Required work: Pictures in the records below are skipped; the rest is copied exactly.

Collected data:
####################

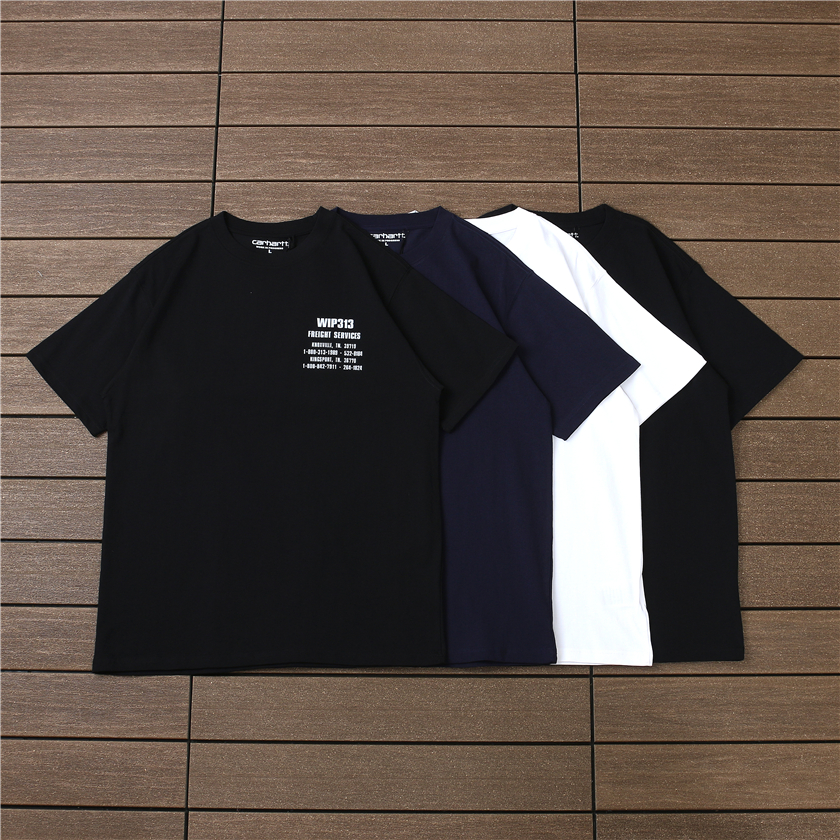 CARHARTT T-SHIRT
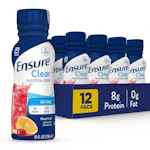 Ensure Clear Nutritional Drink 12-Pack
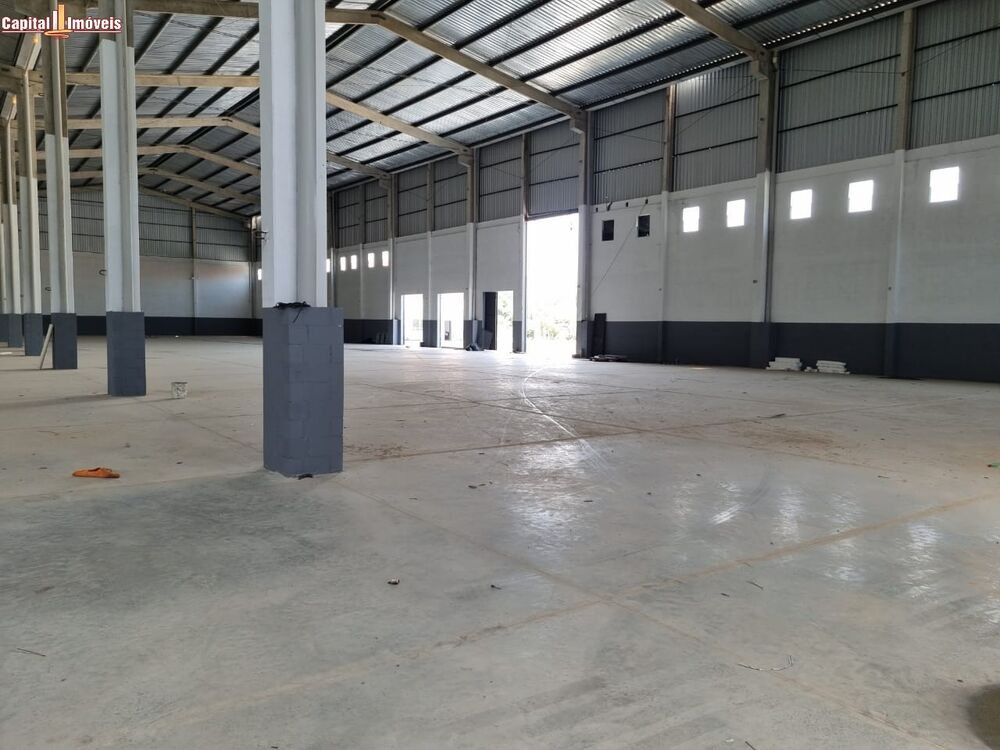 Depósito-Galpão - Foto 6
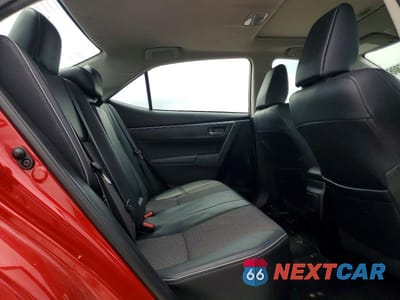 Zdjęcie 10 z 13 samochodu: 2015 TOYOTA COROLLA S PLUS VIN:5YFBURHE0FP290398 - miniatura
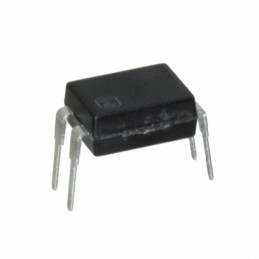 10 pcs : APT1231 - PHOTOTRIAC COUPLER 600V 4DIP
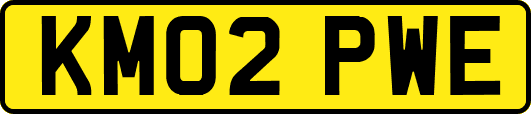 KM02PWE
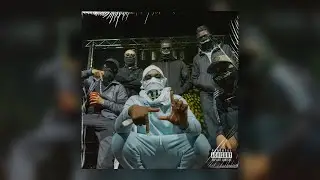 [FREE] HOODBLAQ x LUCIANO Hard Drill Type Beat 2023 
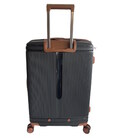 Чемодан Airtex 247 Maxi черный фото, картинка, изображение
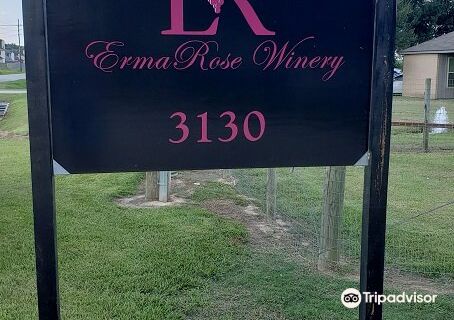 ErmaRose Winery LLC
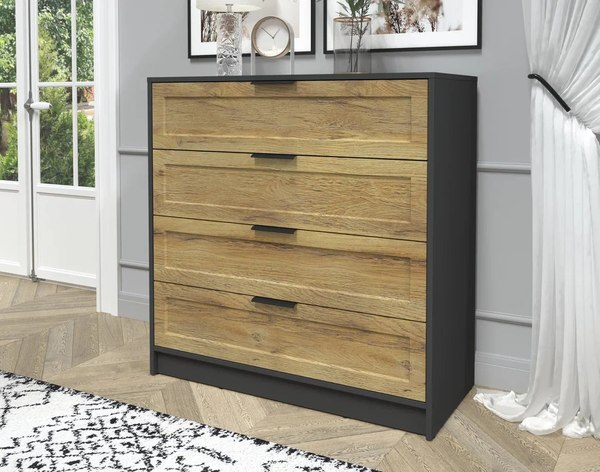 Комод Интерлиния Концепт Тренд КТ-К100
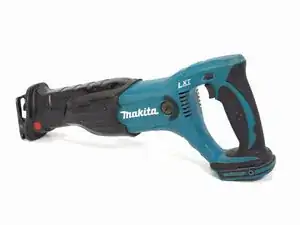 Makita XRJ03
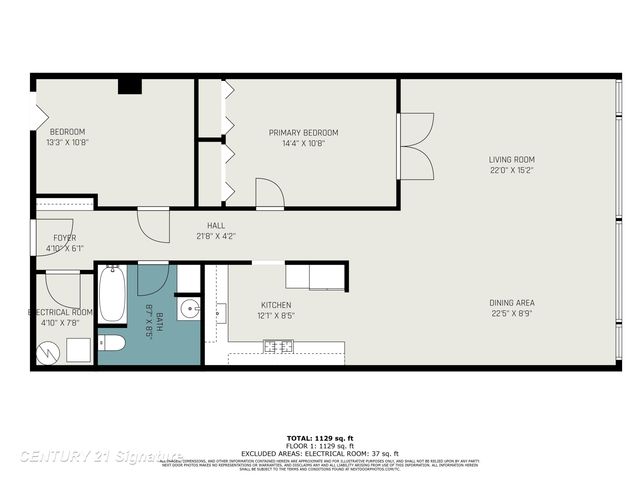 703 E Midland Street, Bay City, MI 48708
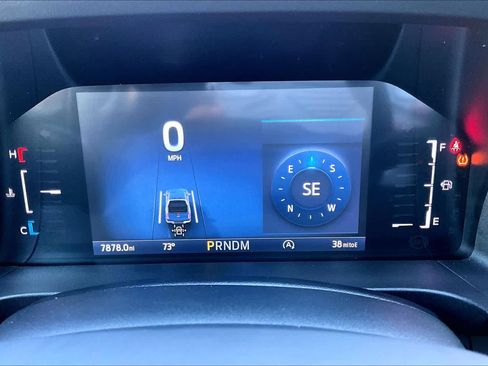 Certified 2024 Ford Ranger XLT w/ Trailer Tow Package image 27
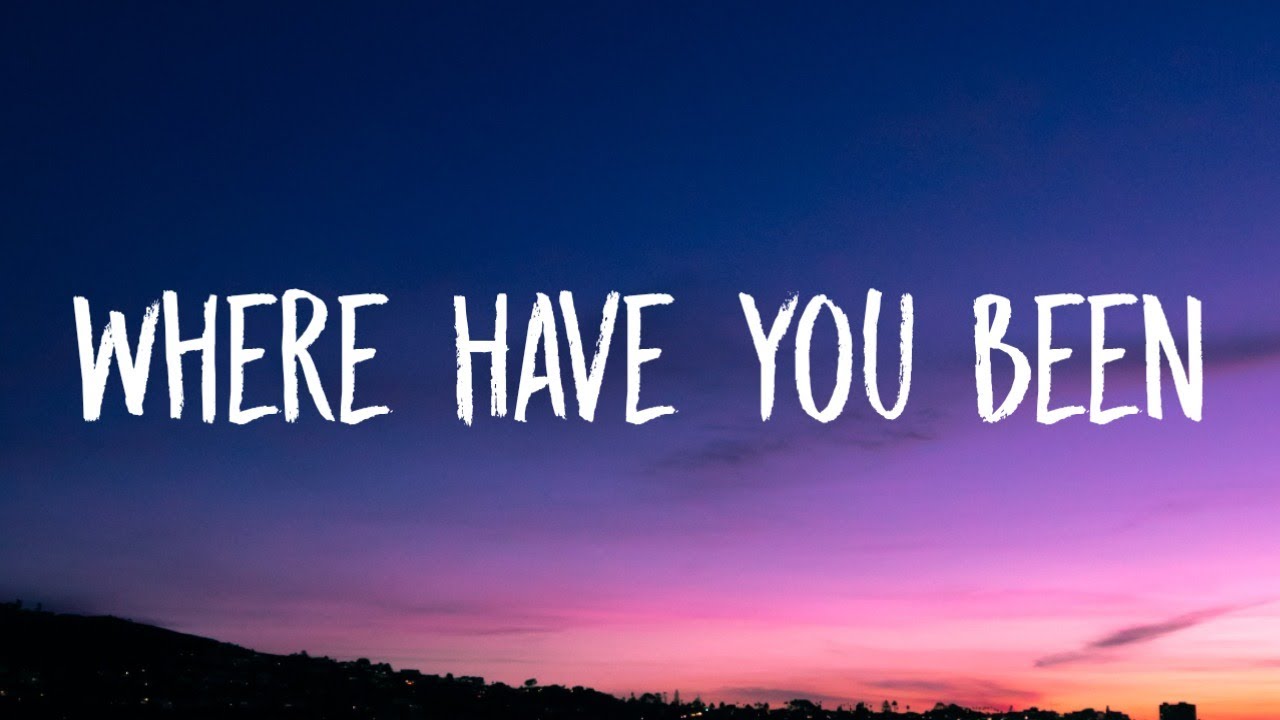 Rihanna - Where Have You Been (Orchestra Remix/Lyrics)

####################

Result of the exercise:
 CARHARTT T-SHIRT
 Ensure Clear Nutritional Drink 12-Pack
 Depósito-Galpão - Foto 6
 Zdjęcie 10 z 13 samochodu: 2015 TOYOTA COROLLA S PLUS VIN:5YFBURHE0FP290398 - miniatura
 10 pcs : APT1231 - PHOTOTRIAC COUPLER 600V 4DIP
 KM02PWE
 [FREE] HOODBLAQ x LUCIANO Hard Drill Type Beat 2023 
 Чемодан Airtex 247 Maxi черный фото, картинка, изображение
 ErmaRose Winery LLC
 Комод Интерлиния Концепт Тренд КТ-К100
 Makita XRJ03
 703 E Midland Street, Bay City, MI 48708
 Certified 2024 Ford Ranger XLT w/ Trailer Tow Package image 27
 Rihanna - Where Have You Been (Orchestra Remix/Lyrics)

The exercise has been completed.